In het prachtige schotschrift Generaal zonder leger neemt Özcan Akyol (Eus) de literaire elite de maat. Hij is daarin niet complimenteus. Hij vindt Godfried Bomans één van de positieve uitzonderingen, die nu wel tot de grote literatuur hoort, maar in zijn leven, dat op 58-jarige leeftijd eindigde in 1971, niet tot de zevende hemel werd toegelaten.
Eus spiegelt zich een beetje aan Bomans. Beiden zijn televisiepersoonlijkheden, beiden schrijven humorvolle boeken en beiden zijn door tijdgenoten niet tot de grote literatuur toegelaten. Zoals Eus fijntjes laat zien hoe Harry Mulisch over het werk van Bomans dacht: “Het was niet grote literatuur, maar het was wel heel goed.” Inderdaad, alle werken van Bomans waren goed. Evenals als sommige van Mulisch, this site.

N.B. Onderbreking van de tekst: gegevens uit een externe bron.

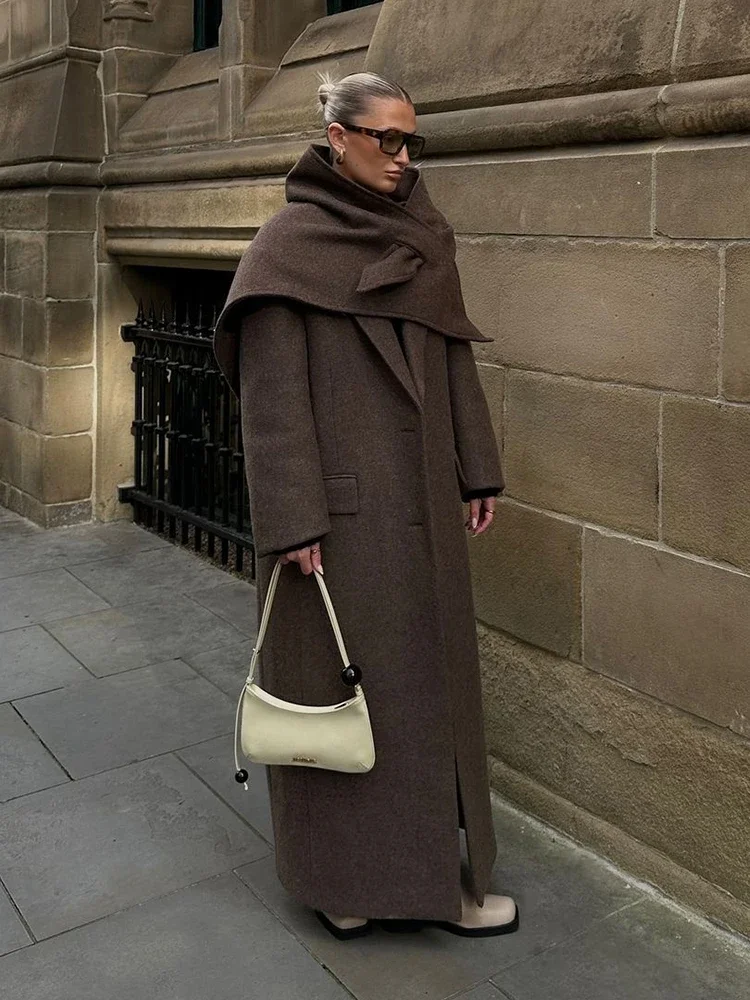 براون الكتف وسادة الصوف مزيج معطف المرأة أنيقة الت...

Eus heeft meer gemeen met Bomans dan hij zich realiseert. Hij verhaalt op pagina 14 dat hij als auteur een groepsgesprek bijwoonde van een professor en studenten, waar gevraagd werd ‘wat bedoelt de schrijver hier?’. Eén van de studentes gaf het antwoord. Goed zo, zei de professor. Aan de auteur zelf werd niets gevraagd. Die scene is een Bomansiaanse scene. Op het Triniteitslyceum in Haarlem ging het volgende verhaal rond. Op zijn lijst Nederlandse literatuur had Bomans voor zijn eindexamen – een beetje illegaal – een verhaal van hemzelf gezet. En ja hoor, de examinator vroeg de klassieke vraag: wat bedoelt de schrijver hier? Je ziet het voor je: Bomans die breed glimlacht en denkt ‘ha, die weet ik’. En vertelt wat hij zelf bedoeld had met zijn tekst. ‘Neen, dat bedoelt de schrijver niet’ zei de examinator. En toen zat Bomans klem, want hij kon niet zeggen dat hij de schrijver was. Hoe realistisch deze anekdote is, is voer voor Bomansexplicateurs.

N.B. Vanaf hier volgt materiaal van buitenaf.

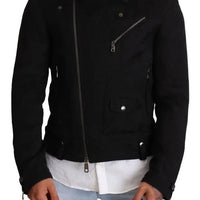 Dolce & Gabbana Black Brocade Full Zip Biker Coat Jacket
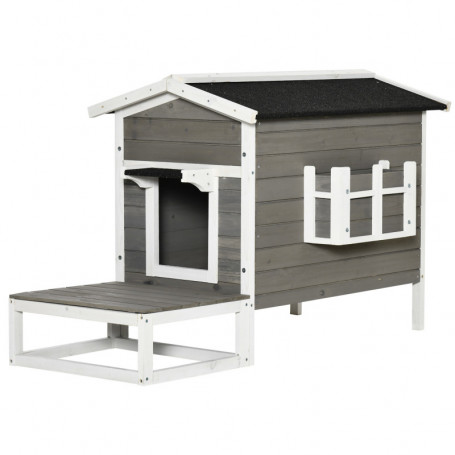 Utomhus Katthus i Trä med Balkong 115 x 66,5 x 74,7 cm Grå - Vit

Op een ander terrein past ook een Triniteitsanekdote: voordrachten van kunstenaars. Peter Lohr, acteur en schrijver, was in die tijd ook directeur van de Stadsschouwburg. Hij kwam ons, eindexamenkandidaten Gymnasium-b, over de stand van literatuur en toneel vertellen en vooral over zijn plannen van modernisering van het toneel. In zijn directeursperiode debuteerden Herman van Veen en Neerlands Hoop in Haarlem. En hij kon boeiend vertellen. Maar, in die tijd lazen we behalve de klassieken ook strips. En wie zat daar Lucky Luke strips te lezen? Onze enige schrijver van de klas, Kees Snel. Later bekend als één van het duo Joyce & Co. Ook schrijvers hebben hun puberale moment.